Information given
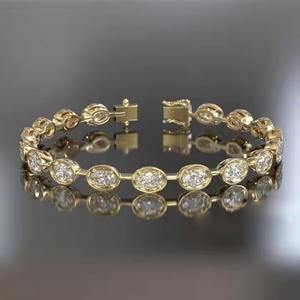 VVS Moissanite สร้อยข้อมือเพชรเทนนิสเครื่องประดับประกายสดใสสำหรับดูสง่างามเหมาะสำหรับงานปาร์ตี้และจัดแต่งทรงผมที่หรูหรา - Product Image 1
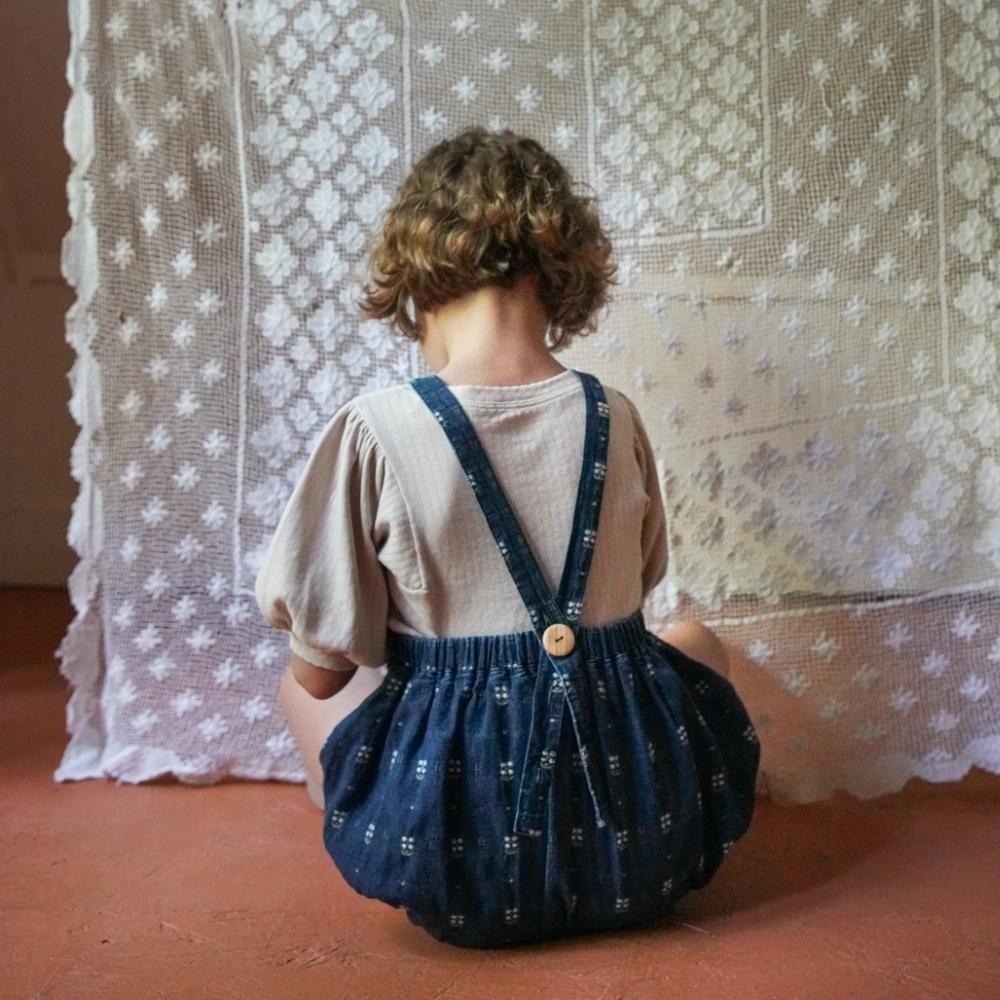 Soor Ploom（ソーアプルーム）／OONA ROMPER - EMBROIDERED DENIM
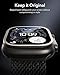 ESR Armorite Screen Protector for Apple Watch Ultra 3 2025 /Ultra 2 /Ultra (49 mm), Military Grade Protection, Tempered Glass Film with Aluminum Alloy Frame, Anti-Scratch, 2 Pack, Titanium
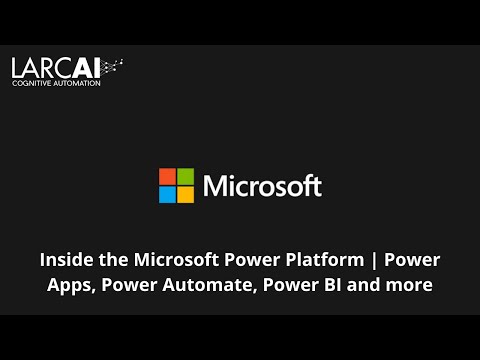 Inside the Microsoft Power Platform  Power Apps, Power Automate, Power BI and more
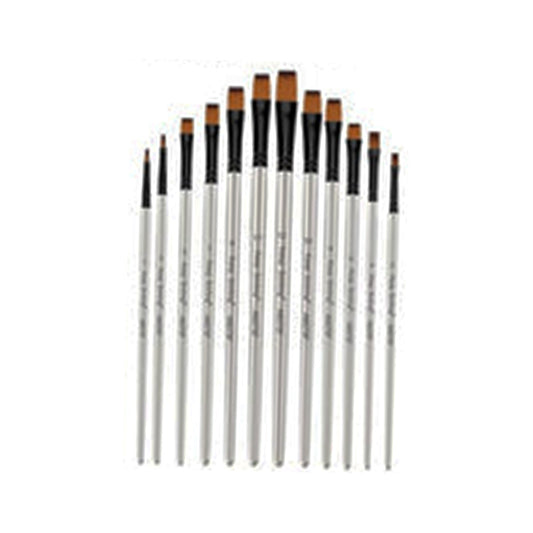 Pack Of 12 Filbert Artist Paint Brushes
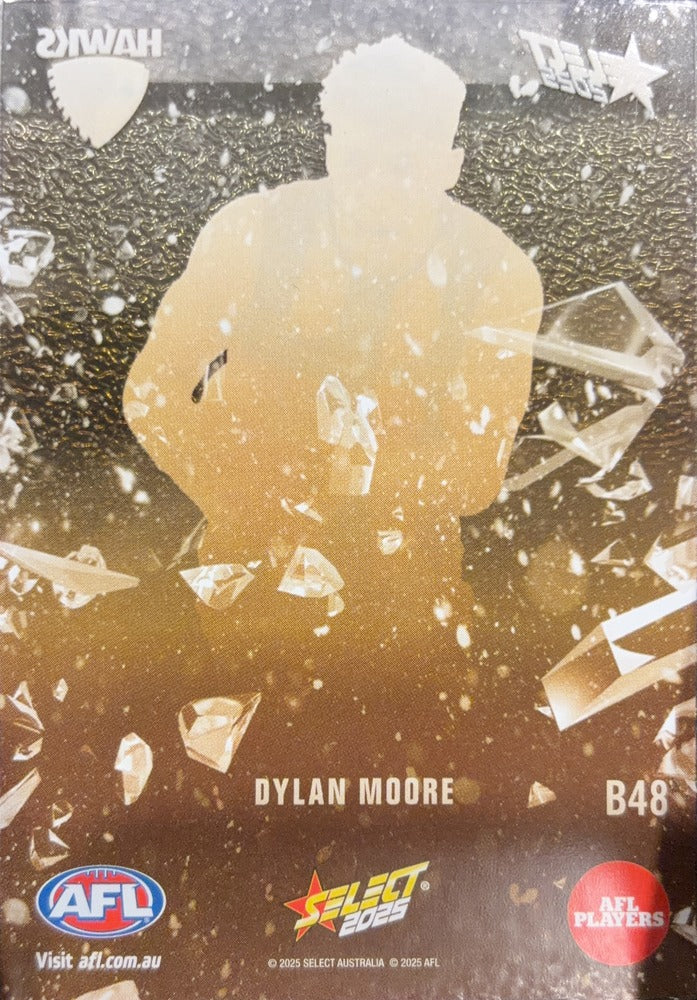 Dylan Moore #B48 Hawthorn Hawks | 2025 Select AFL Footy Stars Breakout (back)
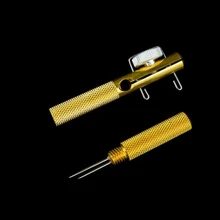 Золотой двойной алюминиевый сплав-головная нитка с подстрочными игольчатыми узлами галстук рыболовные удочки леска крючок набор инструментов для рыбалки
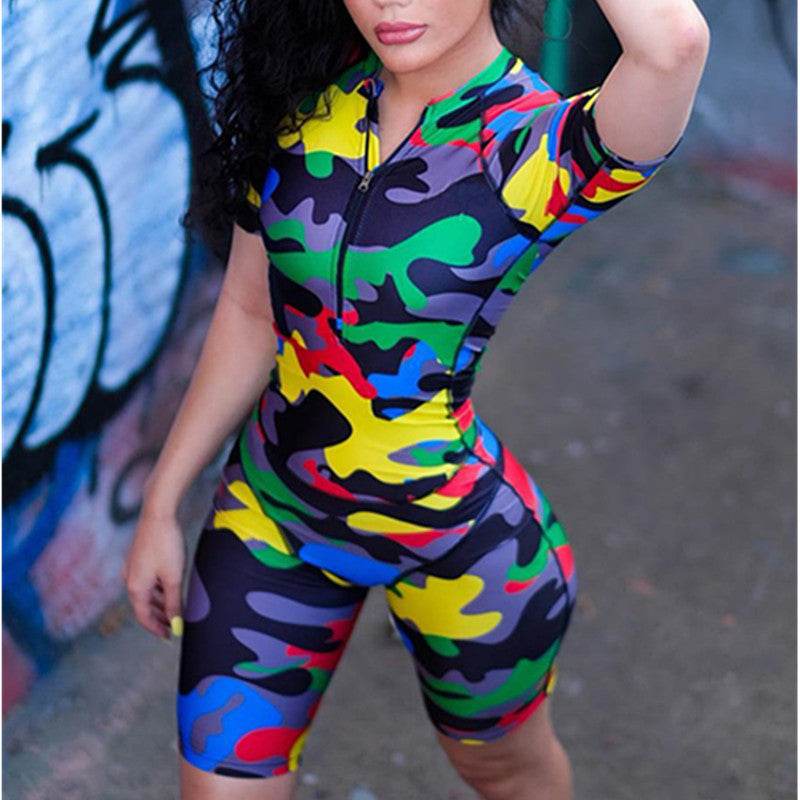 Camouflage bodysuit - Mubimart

Exercise objective
Begin at the line that contains "Pack Of 12 Filbert Artist Paint Brushes" and transcribe exactly, and only, each line through the final line of the data above, both included; the pictures do not go in.

Written response
 Pack Of 12 Filbert Artist Paint Brushes
 Dylan Moore #B48 Hawthorn Hawks | 2025 Select AFL Footy Stars Breakout (back)
 Золотой двойной алюминиевый сплав-головная нитка с подстрочными игольчатыми узлами галстук рыболовные удочки леска крючок набор инструментов для рыбалки
 Camouflage bodysuit - Mubimart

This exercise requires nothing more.